As parent company, CNH Industrial N.V. has also prepared consolidated financial statements for CNH Industrial Group for the year ended December 31, 2013.

Combination of Fiat Industrial – CNH

The deeds of merger for the merger of Fiat Industrial S.p.A. and CNH Global N.V. with and into CNH Industrial N.V. were executed, respectively, on September 27 and 28, 2013. The effective date of the merger transactions (the “Transaction”) was September 29, 2013. The main objective of the Transaction was to simplify the capital structure of the Fiat Industrial Group (the “CNH Industrial Group” subsequently to the Transaction) by creating a single class of liquid stock listed on the New York Stock Exchange (“NYSE”) and on the Mercato Telematico Azionario managed by Borsa Italiana S.p.A. (“MTA”).
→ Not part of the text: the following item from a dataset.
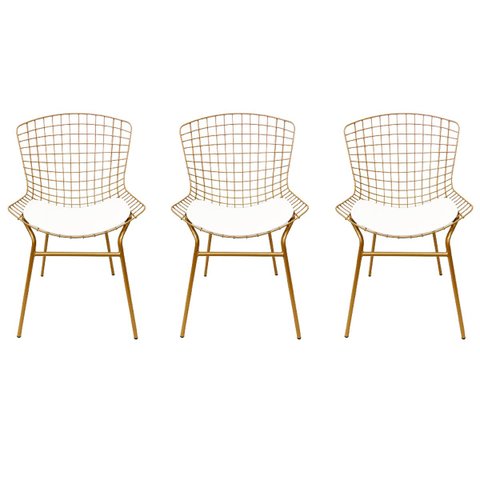 Cadeira para Cozinha Bertoia cor Dourado Fosco assento branco tubular 3 Unidades Poltronas do Sul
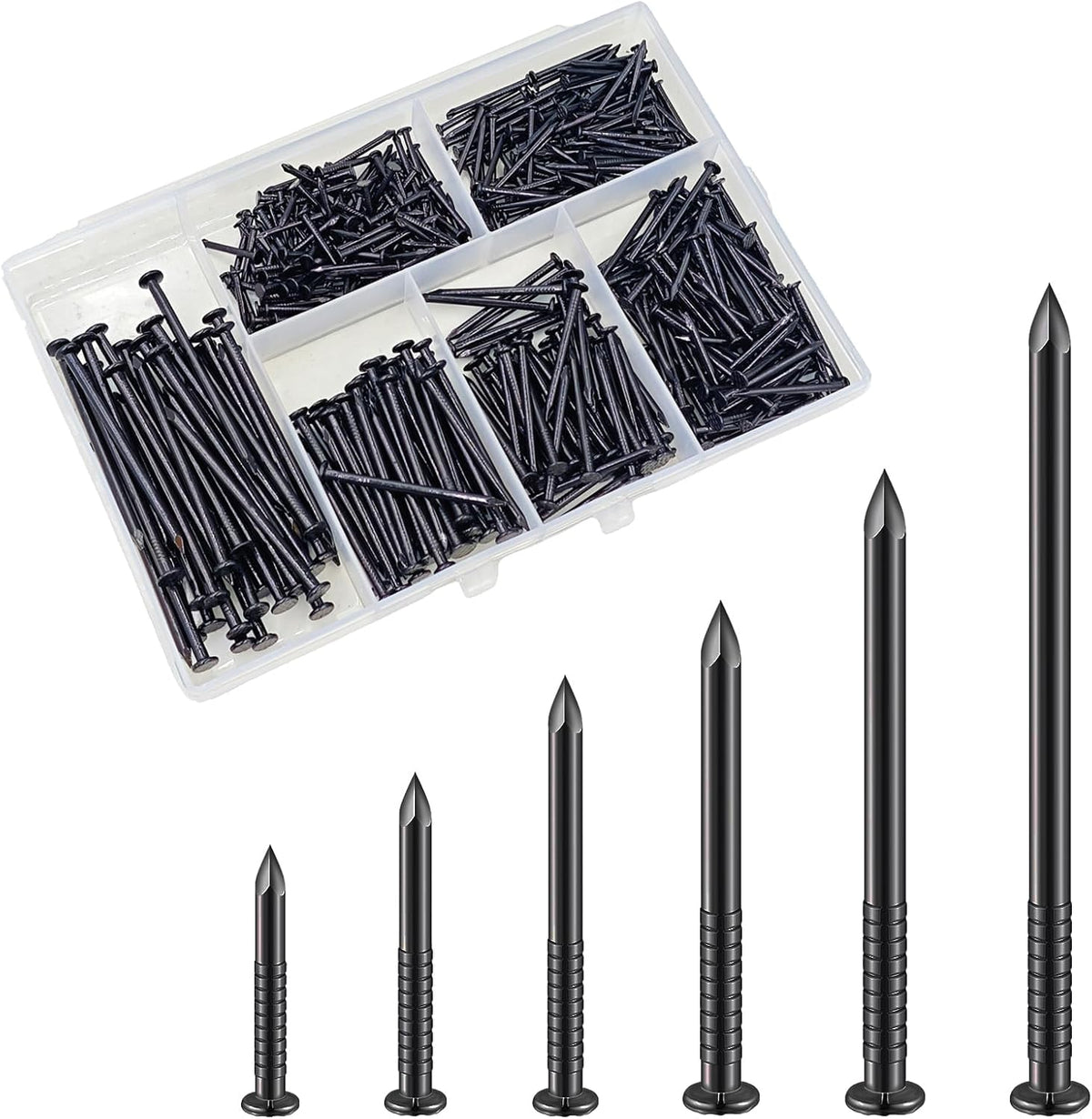 Wensilon 430pcs Stainless Steel 304 Nails Kit, Hanging Nails Kit, Wall Nails Kit, Dowels Kit, Long Nails Kit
In connection with the FI Merger, Fiat Industrial S.p.A. Shareholders received one newly allotted common share in CNH Industrial N.V. (having a nominal value of €0.01 each) for each ordinary share held in Fiat Industrial S.p.A. (having a nominal value of €1.57 each). In connection with the CNH Merger, CNH Global N.V. Shareholders received 3.828 newly allotted CNH Industrial N.V. common shares (having a nominal value of €0.01 each) for each common share held in CNH Global N.V. (having a nominal value of €2.25 each).

At closing, CNH Industrial N.V. issued 1,348,867,772 common shares which were allotted to Fiat Industrial S.p.A. and CNH Global N.V. Shareholders on the basis of the established exchange ratios described above. CNH Industrial N.V. also issued special voting shares (non-tradable) which were allotted to eligible Fiat Industrial S.p.A. and CNH Global

N.V. Shareholders who had elected to receive special voting shares. On the basis of the requests received, CNH Industrial issued a total of 474,474,276 special voting shares. On September 30, CNH Industrial N.V. common shares began trading on the NYSE and the MTA.